Holstein mit Lauenburg, Hamburg und Lubeck.
1852 (dated) 8.5 x 11 in (21.59 x 27.94 cm)
1 : 800000
This is a scarce 1852 map of the Holstein, Germany. It covers from Tonning south as far as Hamburg. Includes the Duchy of Holstein, Lauenburg, Hamburg and Lubeck. This extremely detailed map notes important cities, towns, rivers, roads, coastal features and other important topographical features. Various battlegrounds are also identified.
During the time this map was made, the region was in the midst of the First Schleswig War between Prussia, Germany and the duchies of Holstein and Schleswig against the Kingdom of Denmark. In 1848, when the King of Denmark, Frederick VII, proposed that the Duchies of Schleswig and Holstein be formally recognized as part of the Danish Kingdom, the predominantly German population of the two duchies rebelled for a free constitution, resulting in war. Denmark ultimately won the war and retained control of Schleswig-Holstein following the London Protocol of 1852. In 1863 Denmark once again tried to integrate the Duchy of Schleswig into the Kingdom of Denmark by passing the November Constitution, leading to the Second War of Schleswig in 1864 between Austria and Prussia on one side and Denmark on the other.

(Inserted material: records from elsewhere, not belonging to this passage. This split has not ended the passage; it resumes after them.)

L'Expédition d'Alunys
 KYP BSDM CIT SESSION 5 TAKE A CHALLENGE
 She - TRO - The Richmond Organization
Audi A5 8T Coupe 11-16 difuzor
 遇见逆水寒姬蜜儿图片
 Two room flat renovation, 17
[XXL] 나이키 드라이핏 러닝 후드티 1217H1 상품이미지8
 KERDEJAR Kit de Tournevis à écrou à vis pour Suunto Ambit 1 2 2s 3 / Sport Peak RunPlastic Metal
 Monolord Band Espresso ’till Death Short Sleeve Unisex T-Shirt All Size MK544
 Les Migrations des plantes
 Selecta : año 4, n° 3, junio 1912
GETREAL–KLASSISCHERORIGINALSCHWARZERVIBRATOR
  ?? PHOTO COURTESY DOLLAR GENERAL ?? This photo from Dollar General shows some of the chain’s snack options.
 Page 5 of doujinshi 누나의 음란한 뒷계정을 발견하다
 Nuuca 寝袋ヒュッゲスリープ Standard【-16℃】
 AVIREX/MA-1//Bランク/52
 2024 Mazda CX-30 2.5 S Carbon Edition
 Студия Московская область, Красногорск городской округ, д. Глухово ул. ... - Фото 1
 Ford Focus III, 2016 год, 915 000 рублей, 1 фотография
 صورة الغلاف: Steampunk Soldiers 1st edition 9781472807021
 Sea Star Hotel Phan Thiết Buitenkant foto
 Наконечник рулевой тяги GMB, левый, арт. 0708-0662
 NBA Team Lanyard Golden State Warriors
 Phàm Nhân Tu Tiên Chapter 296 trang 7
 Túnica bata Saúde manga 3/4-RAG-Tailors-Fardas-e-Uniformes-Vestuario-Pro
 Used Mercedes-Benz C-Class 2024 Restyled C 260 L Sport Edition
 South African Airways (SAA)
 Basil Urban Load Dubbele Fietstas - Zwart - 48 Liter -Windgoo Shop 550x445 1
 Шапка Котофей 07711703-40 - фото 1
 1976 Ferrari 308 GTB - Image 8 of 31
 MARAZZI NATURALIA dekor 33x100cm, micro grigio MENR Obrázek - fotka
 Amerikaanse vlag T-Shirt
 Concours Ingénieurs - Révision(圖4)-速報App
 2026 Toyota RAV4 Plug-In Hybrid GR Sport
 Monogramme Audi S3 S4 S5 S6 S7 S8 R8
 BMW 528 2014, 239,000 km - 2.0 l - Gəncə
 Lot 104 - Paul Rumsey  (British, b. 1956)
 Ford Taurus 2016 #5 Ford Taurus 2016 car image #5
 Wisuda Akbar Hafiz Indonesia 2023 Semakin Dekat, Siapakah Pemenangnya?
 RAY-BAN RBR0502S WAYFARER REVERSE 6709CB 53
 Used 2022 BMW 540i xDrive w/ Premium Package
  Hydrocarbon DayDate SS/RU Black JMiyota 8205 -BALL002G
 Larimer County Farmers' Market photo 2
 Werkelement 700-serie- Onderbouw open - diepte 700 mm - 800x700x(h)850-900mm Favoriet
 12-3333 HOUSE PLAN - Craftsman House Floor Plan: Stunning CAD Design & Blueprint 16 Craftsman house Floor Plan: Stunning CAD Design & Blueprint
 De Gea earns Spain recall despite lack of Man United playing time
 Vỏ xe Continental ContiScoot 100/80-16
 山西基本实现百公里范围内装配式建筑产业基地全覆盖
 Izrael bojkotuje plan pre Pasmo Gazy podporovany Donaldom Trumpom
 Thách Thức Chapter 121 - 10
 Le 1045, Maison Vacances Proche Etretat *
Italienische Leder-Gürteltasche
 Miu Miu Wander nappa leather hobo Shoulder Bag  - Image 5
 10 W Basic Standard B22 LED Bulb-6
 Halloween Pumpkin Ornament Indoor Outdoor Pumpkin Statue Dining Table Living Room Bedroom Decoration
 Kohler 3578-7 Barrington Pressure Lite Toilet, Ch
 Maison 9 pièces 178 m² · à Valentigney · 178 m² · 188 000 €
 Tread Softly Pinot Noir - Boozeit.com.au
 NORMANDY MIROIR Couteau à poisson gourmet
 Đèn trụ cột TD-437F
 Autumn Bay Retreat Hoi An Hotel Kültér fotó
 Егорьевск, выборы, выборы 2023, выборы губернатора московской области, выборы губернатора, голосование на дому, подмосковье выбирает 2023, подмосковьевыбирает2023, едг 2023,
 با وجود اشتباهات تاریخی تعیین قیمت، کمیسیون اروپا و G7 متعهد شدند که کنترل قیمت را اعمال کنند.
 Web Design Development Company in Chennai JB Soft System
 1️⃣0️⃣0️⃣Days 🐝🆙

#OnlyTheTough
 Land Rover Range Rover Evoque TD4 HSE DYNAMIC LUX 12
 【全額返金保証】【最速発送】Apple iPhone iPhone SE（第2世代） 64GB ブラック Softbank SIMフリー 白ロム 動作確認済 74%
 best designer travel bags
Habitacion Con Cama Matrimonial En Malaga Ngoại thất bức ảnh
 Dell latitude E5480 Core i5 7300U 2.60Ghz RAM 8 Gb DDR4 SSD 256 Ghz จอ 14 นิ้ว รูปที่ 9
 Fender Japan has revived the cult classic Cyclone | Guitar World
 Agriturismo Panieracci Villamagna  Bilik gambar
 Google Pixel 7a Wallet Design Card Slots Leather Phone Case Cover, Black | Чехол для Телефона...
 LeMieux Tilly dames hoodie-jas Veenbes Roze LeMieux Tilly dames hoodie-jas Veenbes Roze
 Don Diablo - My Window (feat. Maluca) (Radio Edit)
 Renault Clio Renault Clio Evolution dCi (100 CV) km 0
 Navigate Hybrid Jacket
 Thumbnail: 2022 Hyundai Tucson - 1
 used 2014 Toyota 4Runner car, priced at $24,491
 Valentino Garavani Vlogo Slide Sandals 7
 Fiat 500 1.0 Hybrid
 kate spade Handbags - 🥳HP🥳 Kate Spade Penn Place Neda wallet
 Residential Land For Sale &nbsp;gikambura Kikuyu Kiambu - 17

In the end Denmark surrendered control over Schleswig, Lauenburg and Holstein to Prussia and Austria. The Second War of Schleswig would eventually culminate into the Austro-Prussian War of 1866 and Prussia would annex both Schleswig and Holstein to create the new province of Schleswig-Holstein.
This map was issued in Meyer's Zeitung Atlas. Although all the maps in this atlas are not individually dated, the title page and maps were often updated while the imprint with the date was not, causing confusion to the exact date for some of the maps. Moreover some maps in the atlas were taped in at a later date as an update to the atlas. We have dated the maps in this collection to the best of our ability.
Joseph Meyer (May 9, 1796 - June 27, 1856) was a German industrialist and publisher, most notably for the encyclopedia Meyers Conversation-Lexicon. Born in Gotha, Germany, Meyer was educated as a merchant in Frankfurt am Main. He moved to London in 1816, but returned to Germany in a820 after his stock speculations and business adventures fell through. Once back in Germany, he began by investing in the textile trade (1820-24). Meyer began creating business plans concerning how to start railways soon after the first steam-hauled railway began operation in December 1835. He founded the Deutsche Eisenbahnschienen-Compangie auf Actien (German Railway Rail joint stock company) in 1845. Meyer also found great success as a publisher, utilizing the system of serial subscriptions to publications, a new idea for the time. He founded a company, Bibliographisches Institut in Gotha in 1825, which published several versions of the Bible, works of classical literature, atlases, the world in pictures on steel engravings, and an encyclopedia.
Meyer, J., Meyer's Zeitung Atlas, 1852.
Meyer's Zeitung Atlas, formally titled Neuster Zeitungs-Atlas Fuer Alte und Neue Erdkunde was a popular German hand-atlas published in Heidelberg by Joseph Meyer between, roughly, 1848 and 1859. The atlas is well engraved in the German style with exceptionally dense detail and minimal decoration. Meyer's Atlas, and its constituent maps, are typically very difficult to date as later editions often contain earlier maps and earlier editions later paste-in updates. That said, the atlas' frequent updates and publication run during a turbulent decade provide a noteworthy cartographic record of the period.
Very good. Minor toning and spotting at places.